Empiezo a respirar la magia, una magia compartida. Esta vez, ella brota del sólo hecho de ser esta una travesía de mochilero solitario, abierto a todas las posibilidades, o casi a todas. En Suipacha, un joven me invita a los shows de un local verdiamarillo divisable desde la Corrientes. Las calles están libres, parece que la mitad de la urbe se ha ido a la costa; deben haber huido de las sucesivas olas de calor. Cristian parece un pibe ecuánime. Se interesa en la política y está consciente de lo más importante: no se puede creer en todo lo que dicen algunos canales de TV y algunos periódicos; sobretodo si hacen parte de algún pulpo monopólico. Tuvo memoria para recordar cómo los medios presentaron el caso de los pistoleros de Puente Llaguno, durante el golpe de 2002, y la idea que en ese momento lograron instalar entre sus paisanos sobre lo que supuestamente pasaba en Venezuela.

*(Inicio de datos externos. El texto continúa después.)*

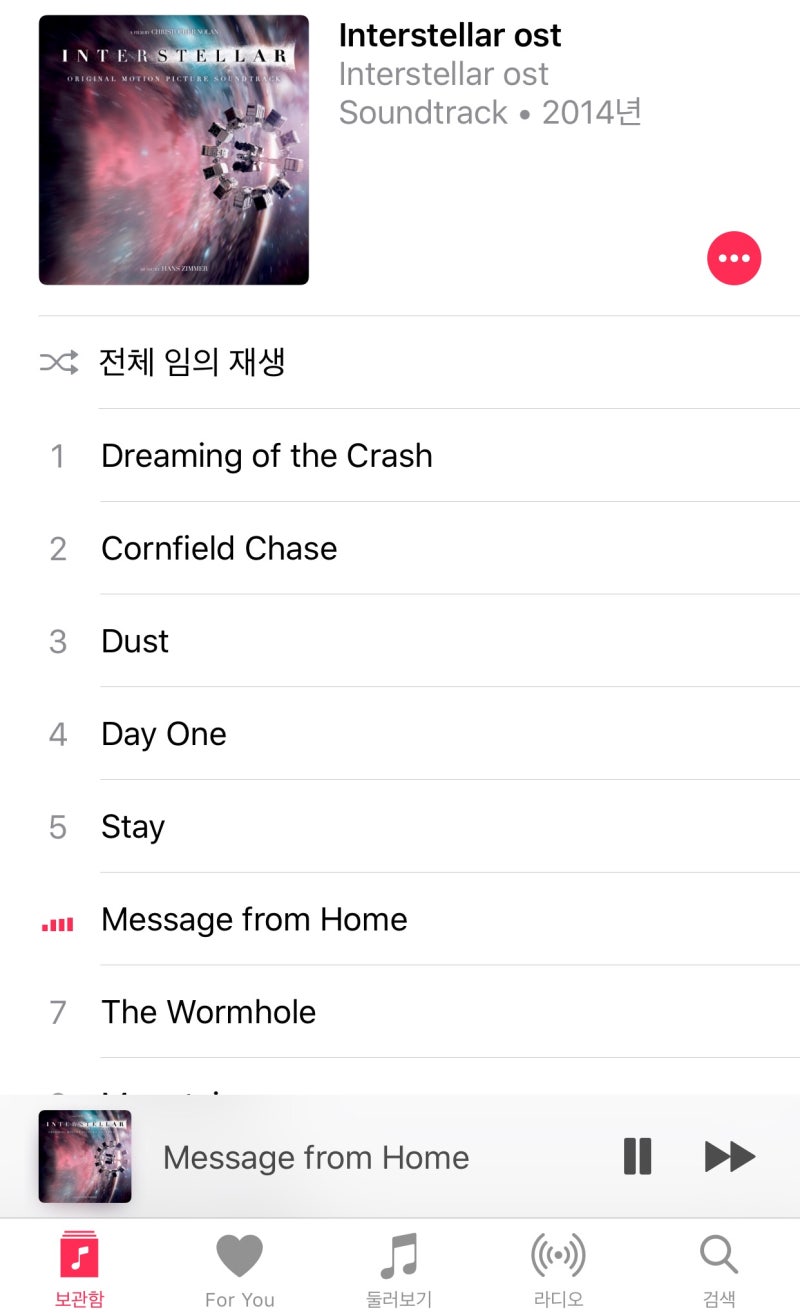 인터스텔라 ost : 네이버 블로그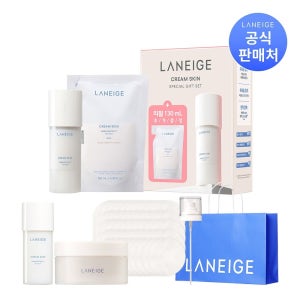 라네즈 [명절] 크림스킨 170ml 기획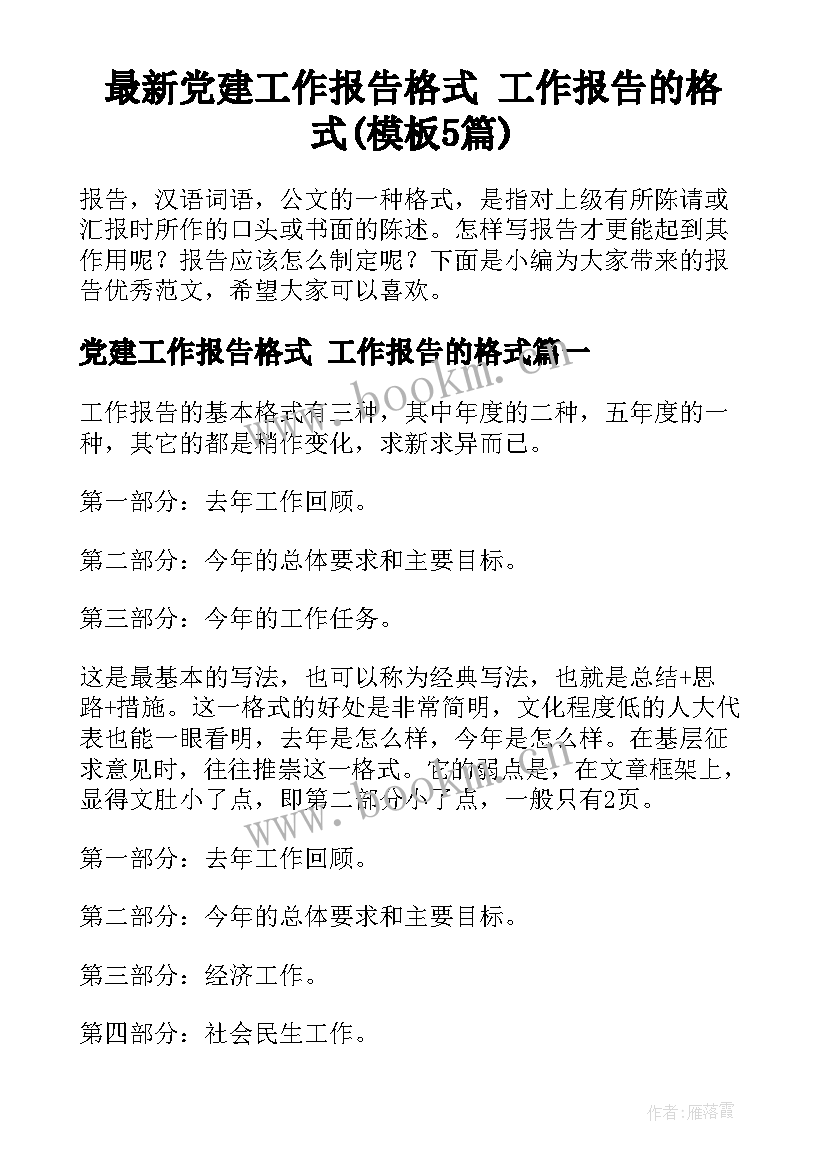 最新党建工作报告格式 工作报告的格式(模板5篇)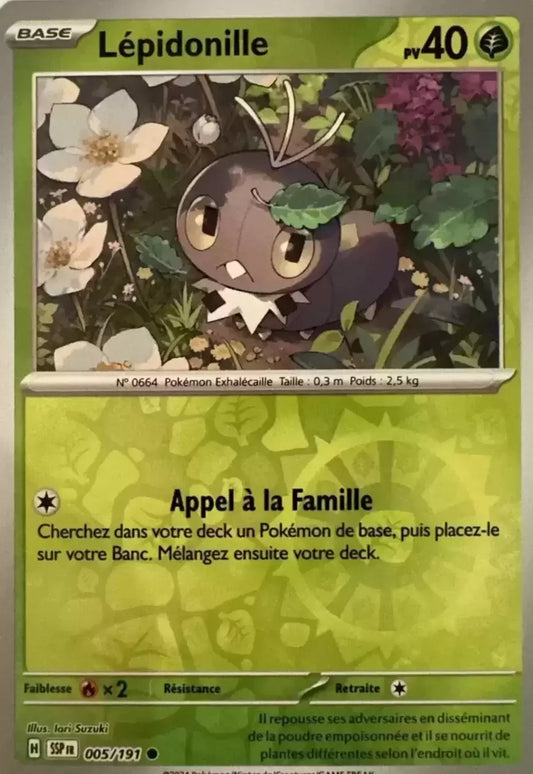 Lépidonille - Carte Pokémon Reverse (SSP - Étincelles Déferlantes) 005/191 🌿✨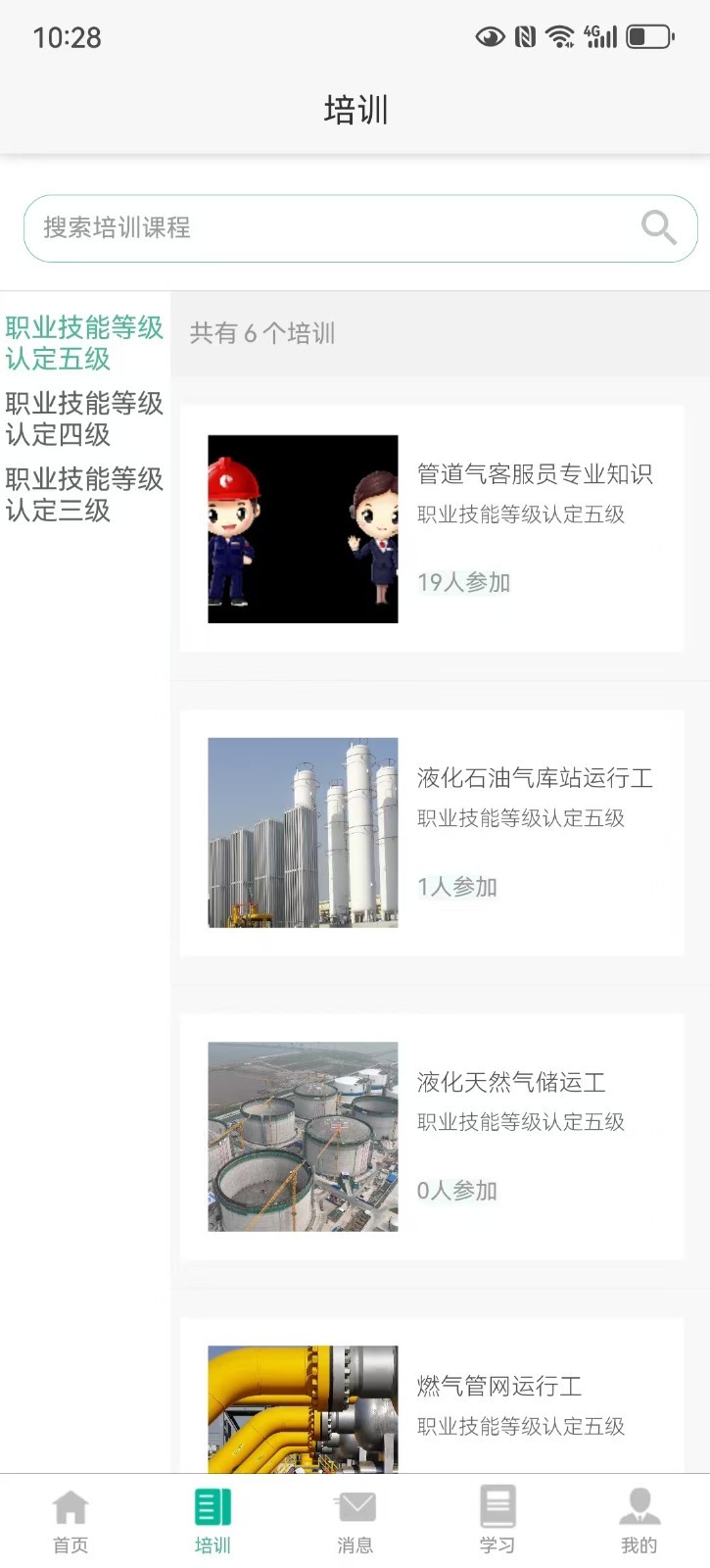 
佛城燃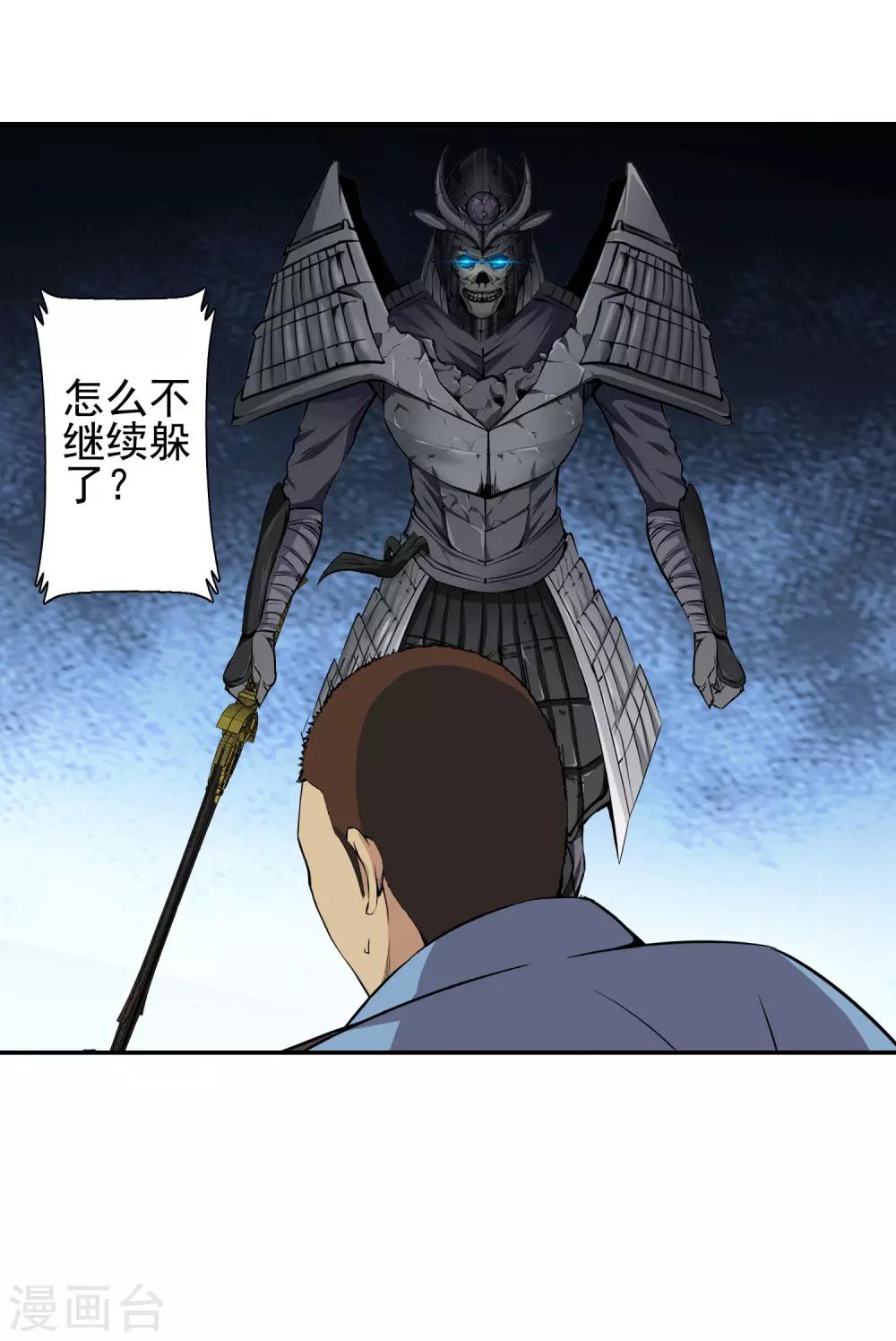 第41话 骷颅首领之魂-第43话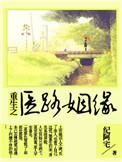 重生之医路扬名番外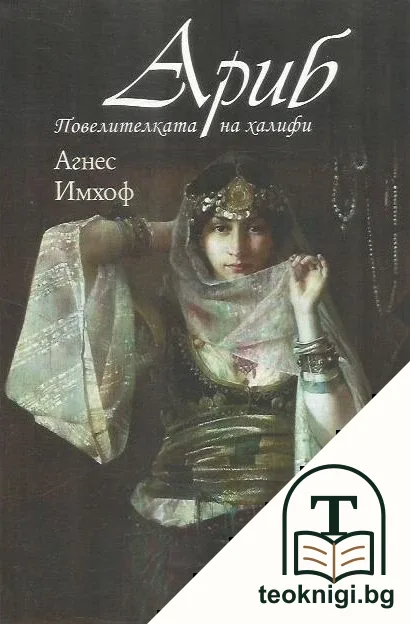 Ариб. Повелителката на халифи — корица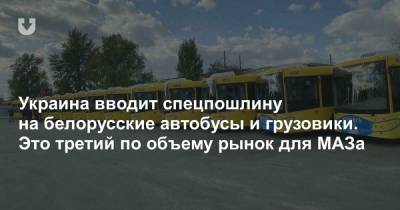 Украина вводит спецпошлину на белорусские автобусы и грузовики. Это третий по объему рынок для МАЗа - news.tut.by - Украина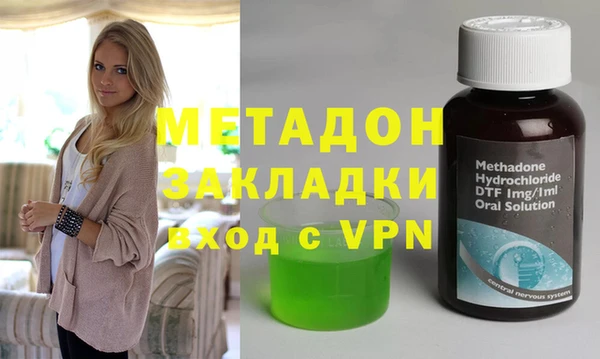 мескалин Армянск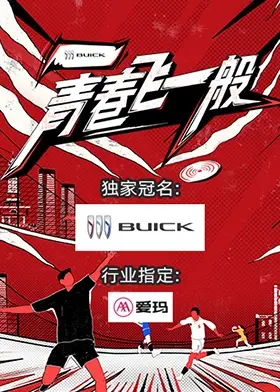 《青春飞一般》：重拾少年心，热血与梦想碰撞！一场关于成长与友谊的青春记忆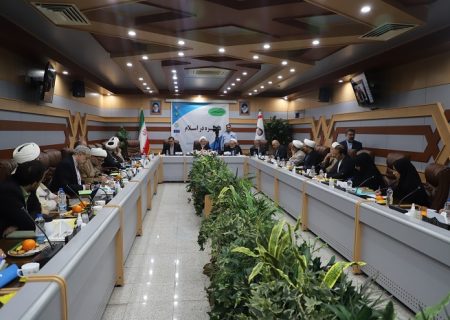 هم اندیشی تخصصی «مذاکره دراسلام» در قم برگزار شد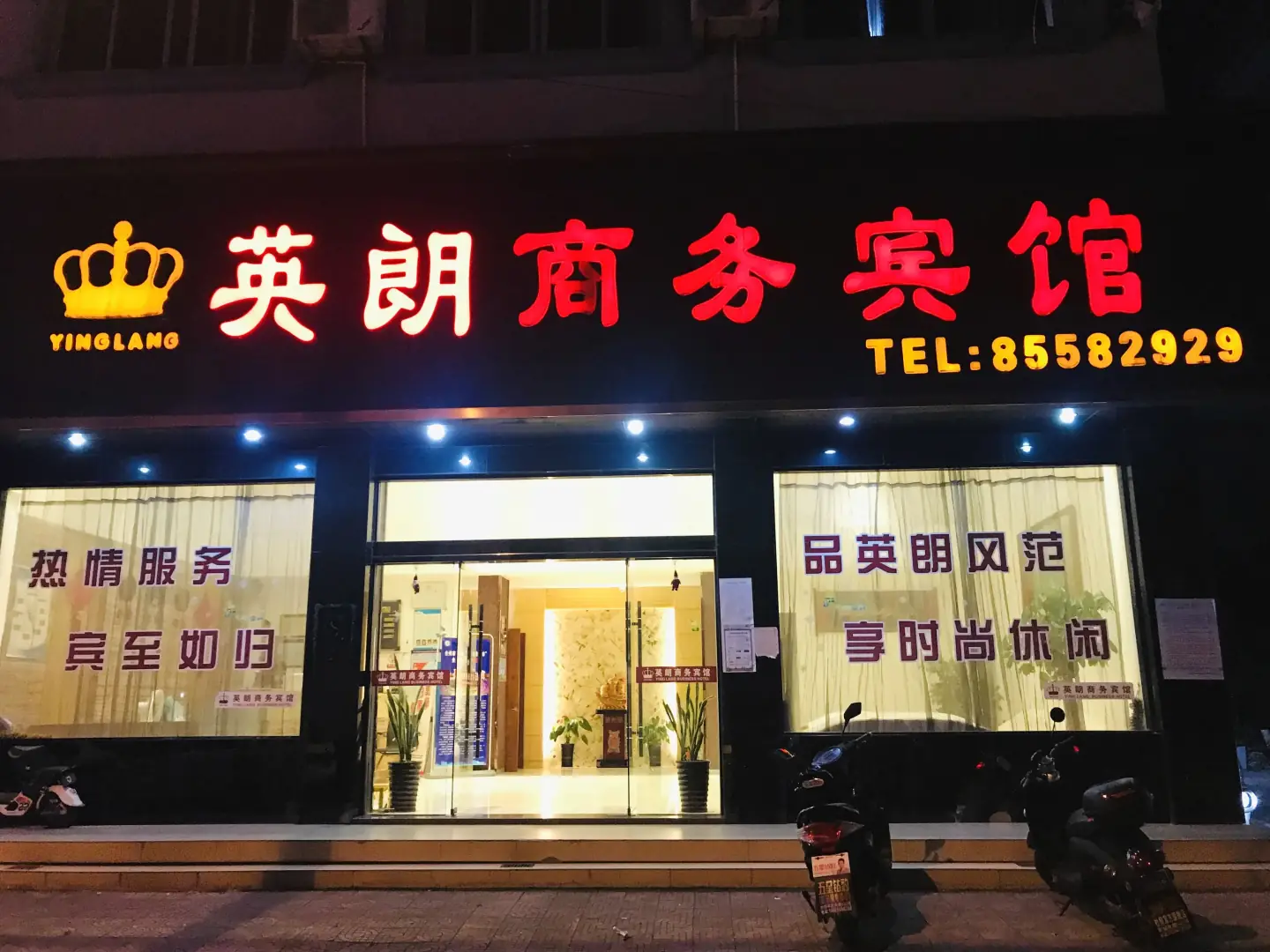 英朗商务宾馆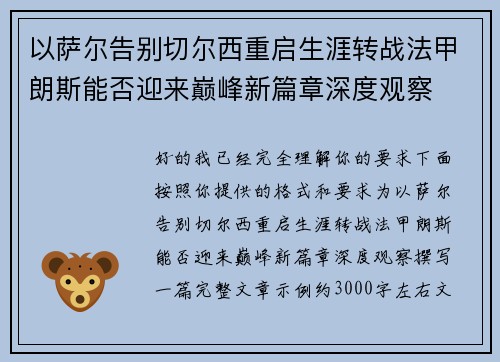 以萨尔告别切尔西重启生涯转战法甲朗斯能否迎来巅峰新篇章深度观察 以萨尔告别切尔西重启生涯转战法甲朗斯能否迎来巅峰新篇章深度观察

Me desplazo por la favorita de Borges hacia el norte, buscando unos zapatos que encontraría en la Santa Fe, ahorrándome porcentajes inauditos en comparación a una adquisición similar en Sabana Grande. En una tienda de vinos degusto el exquisito néctar, pero la forma de pago era aquel llamado purocash. Acabo de llegar, poco a poco. Voy tomándole el pulso a la ciudad. Una mujer, gordita y sonriente, me enseña un volante de no se que vaina. Su lenguaje no estaba claro, solo sé que su tono me agradó, que me inspiró confianza; escuché la palabra masaje. Me impresioné después de lo ingenuo que puedo ser a veces.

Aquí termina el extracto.